Patrio T. Señeres Jr. Prof. Atty. Victor T. Tullaian

Case Digests [58 SCRA 336; G.R. No. L-20620; 15 Aug 1974]


In 1947, the republic, through the Armed Forces of the Philippines (AFP),
entered into a lease agreement with Castelvi on a year-to-year basis. When Castelvi
gave notice to terminate the lease in 1956, the AFP refused. She then instituted an
ejectment proceeding against the AFP. In 1959, however, the republic commenced
the expropriation proceedings for the land.


Whether or Not the compensation should be determined as of 1947 or 1959.


The Supreme Court ruled that the “taking” should not be reckoned as of 1947, and
that just compensation should not be determined on the basis of the value of the
property as of that year. The requisites for taking are: 1) the expropriator must enter a
private property, 2) the entry must be for more than a momentary period, 3) it must be
under warrant or color of authorities, 4) the property must be devoted for public
use or otherwise informally appropriated or injuriously affected, and 5) the utilization
of the property for public use must be such a way as to oust theowner and deprive him
of beneficial enjoyment of the property. Under Sec. 4 Rule 67 of the Rules of Court,
“just compensation” is to be determined as of the date of the filing of the complaint.

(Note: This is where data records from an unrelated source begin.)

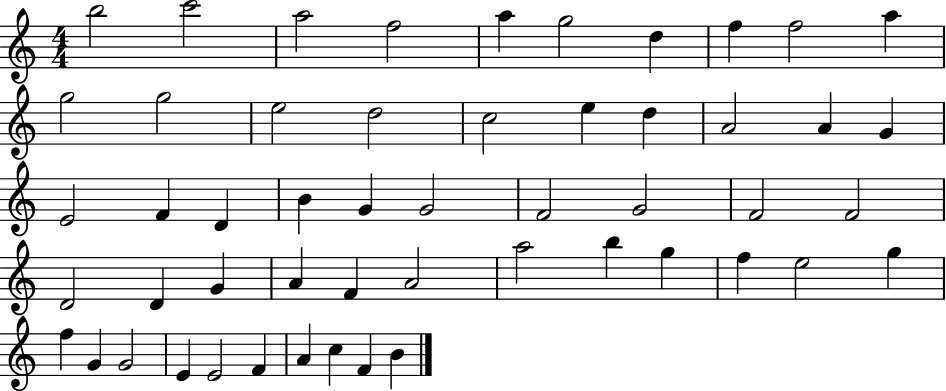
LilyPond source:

{
  \clef treble
  \numericTimeSignature
  \time 4/4
  \key c \major
  b''2 c'''2 | a''2 f''2 | a''4 g''2 d''4 | f''4 f''2 a''4 | \break g''2 g''2 | e''2 d''2 | c''2 e''4 d''4 | a'2 a'4 g'4 | \break e'2 f'4 d'4 | b'4 g'4 g'2 | f'2 g'2 | f'2 f'2 | \break d'2 d'4 g'4 | a'4 f'4 a'2 | a''2 b''4 g''4 | f''4 e''2 g''4 | \break f''4 g'4 g'2 | e'4 e'2 f'4 | a'4 c''4 f'4 b'4 | \bar "|."
}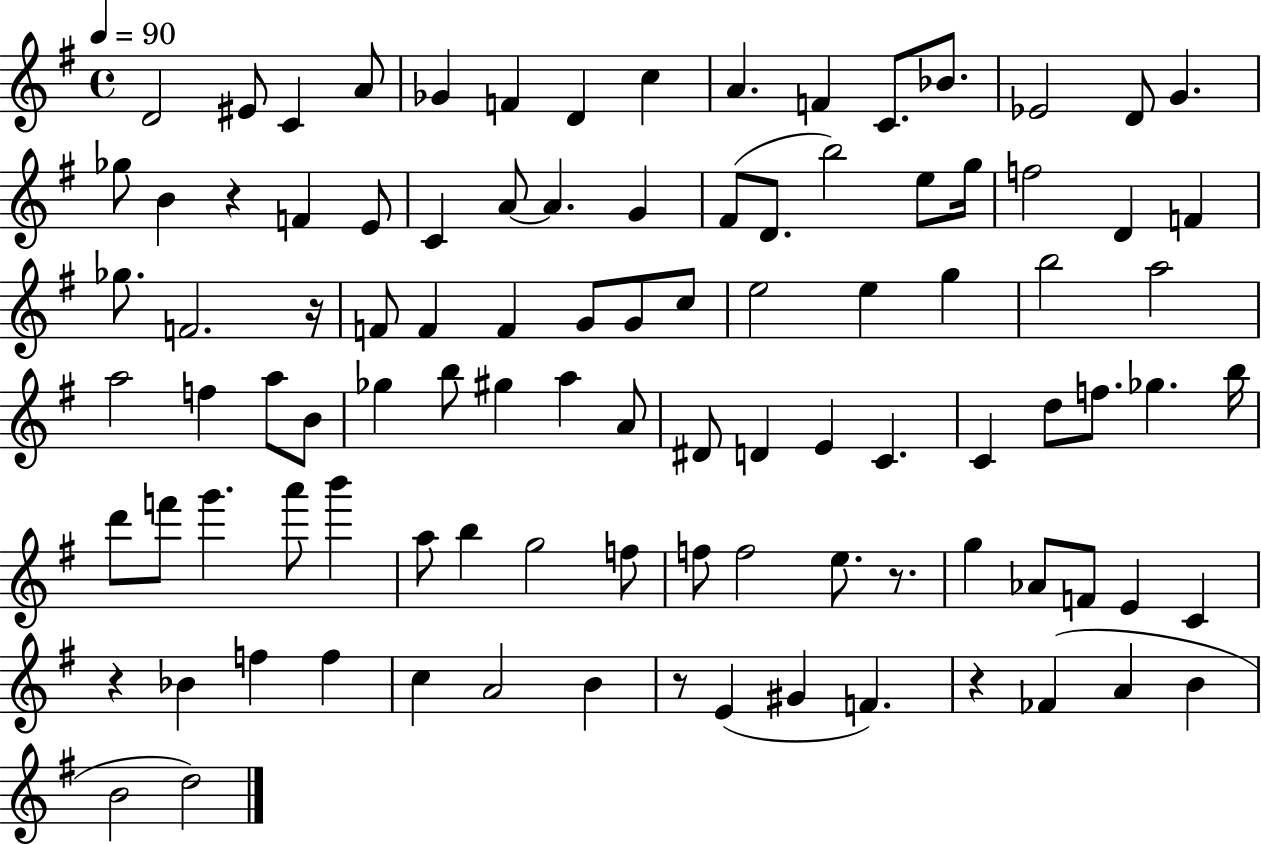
D4/h EIS4/e C4/q A4/e Gb4/q F4/q D4/q C5/q A4/q. F4/q C4/e. Bb4/e. Eb4/h D4/e G4/q. Gb5/e B4/q R/q F4/q E4/e C4/q A4/e A4/q. G4/q F#4/e D4/e. B5/h E5/e G5/s F5/h D4/q F4/q Gb5/e. F4/h. R/s F4/e F4/q F4/q G4/e G4/e C5/e E5/h E5/q G5/q B5/h A5/h A5/h F5/q A5/e B4/e Gb5/q B5/e G#5/q A5/q A4/e D#4/e D4/q E4/q C4/q. C4/q D5/e F5/e. Gb5/q. B5/s D6/e F6/e G6/q. A6/e B6/q A5/e B5/q G5/h F5/e F5/e F5/h E5/e. R/e. G5/q Ab4/e F4/e E4/q C4/q R/q Bb4/q F5/q F5/q C5/q A4/h B4/q R/e E4/q G#4/q F4/q. R/q FES4/q A4/q B4/q B4/h D5/h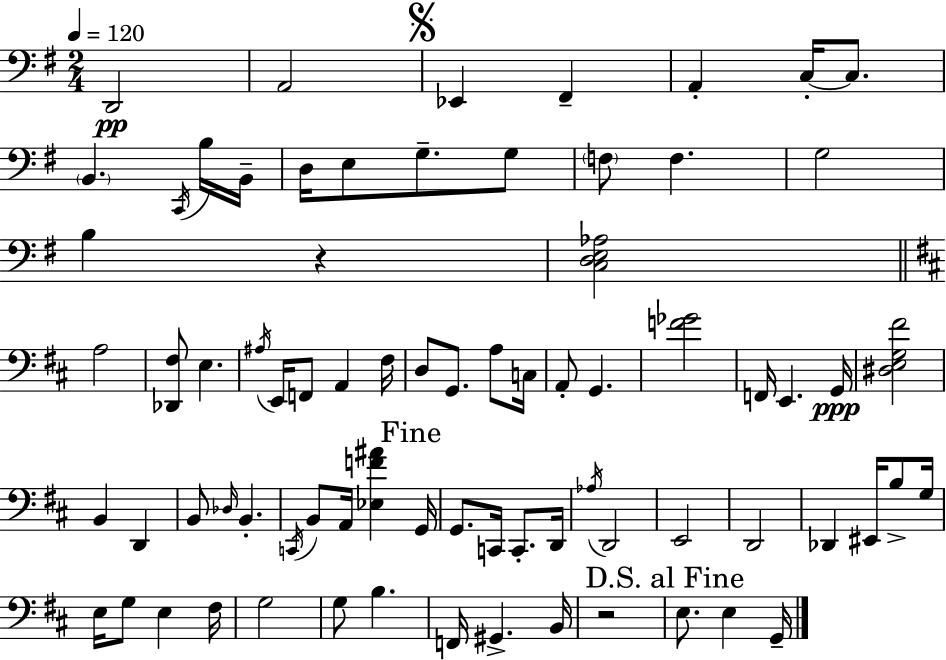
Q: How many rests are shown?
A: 2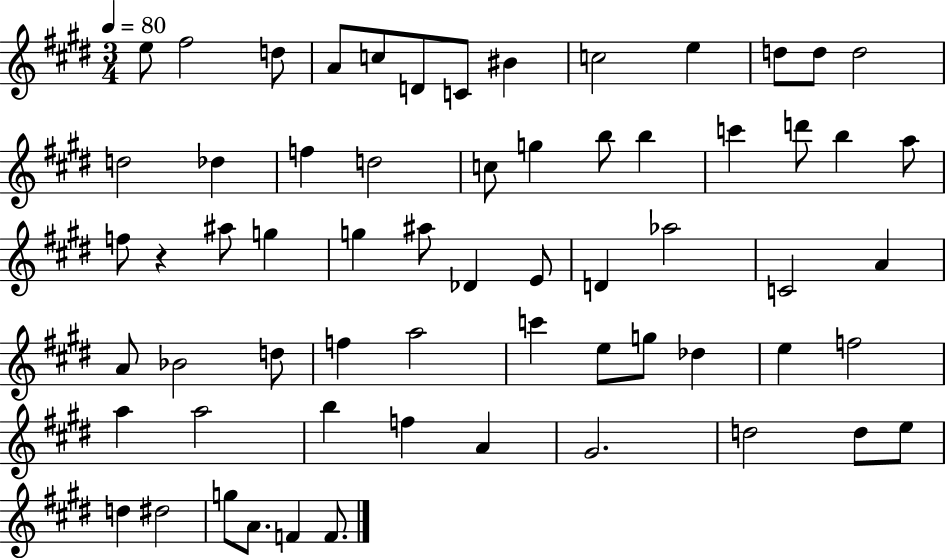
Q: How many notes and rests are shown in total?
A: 63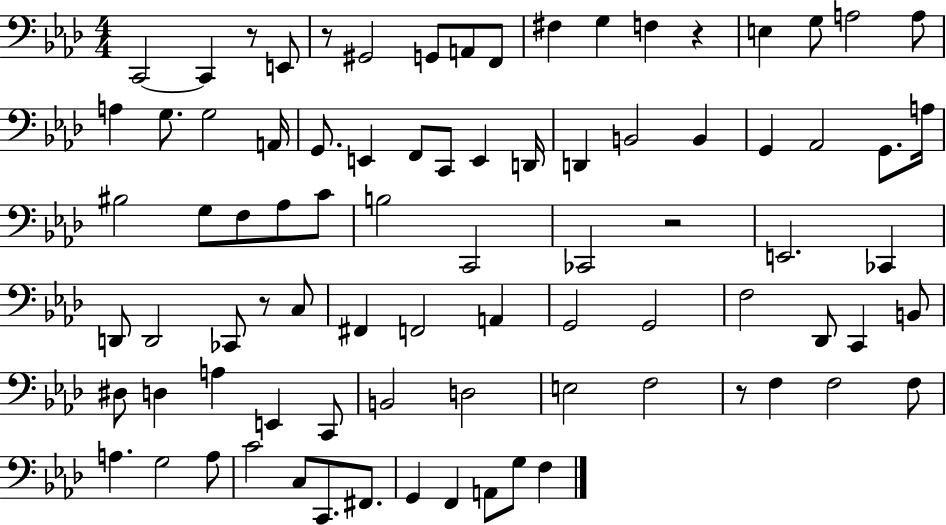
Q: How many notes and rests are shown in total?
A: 84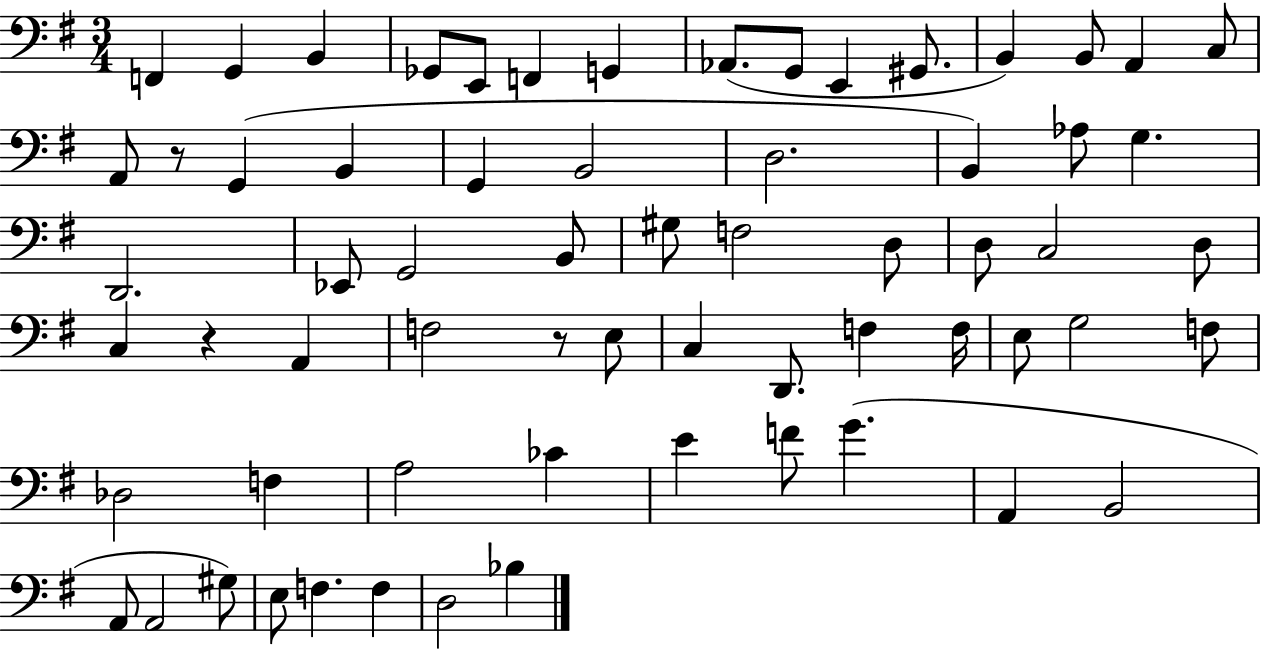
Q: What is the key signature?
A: G major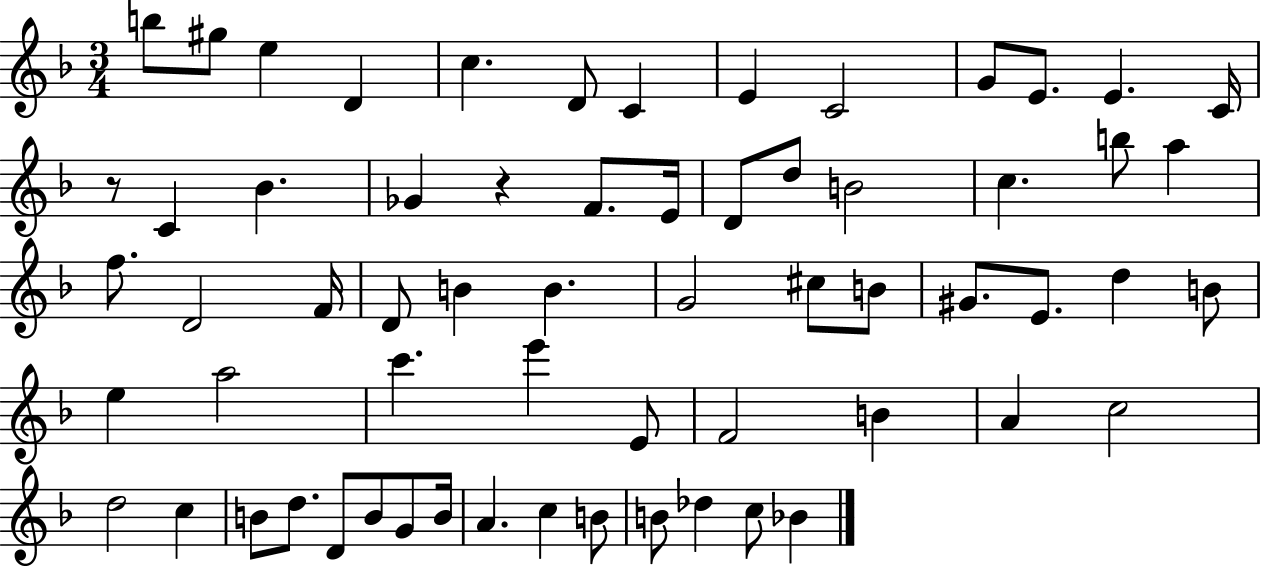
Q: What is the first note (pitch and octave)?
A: B5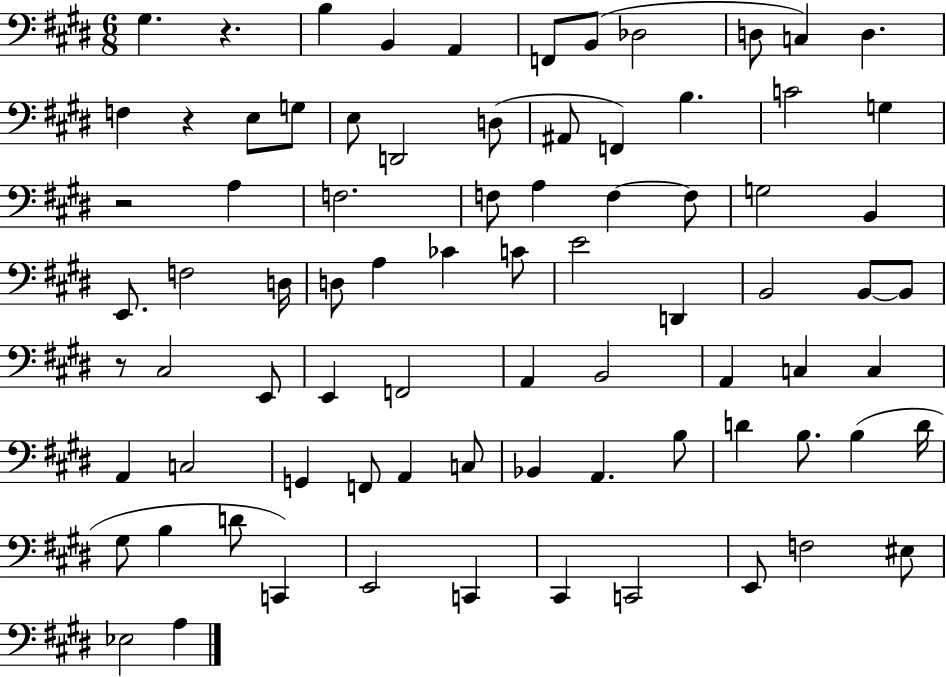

The Supreme Court has ruled that when the taking of the property sought to
be expropriated coincides with the commencement of the expropriation proceedings,
or takes place subsequent to the filing of the complaint for eminent domain, the just
compensation should be determined as of the date of the filing of the complaint. In the
instant case, it is undisputed that the Republic was placed in possession of the
Castelvi property, by authority of court, on August 10, 1959.

The “taking” of the Castelvi property for the purposes of determining the just
compensation to be paid must, therefore, be reckoned as of June 26, 1959 when the
complaint for eminent domain was filed. There is no basis to the contention of the
Republic that a lease on a year-to-year basis can give rise to permanent right to
occupy since by express provision a lease made for a determinate time, as was the
lease of Castelvi land in the instant case, ceases upon the day fixed, without need of a
demand (Art. 1669, New Civil Code). The Supreme Court, however, did not apply
Art. 1250 of the New Civil Code for the adjustment of the peso rate in times of
extraordinary inflation or deflation because in eminent domain cases the obligation to
pay arises from law independent of contract.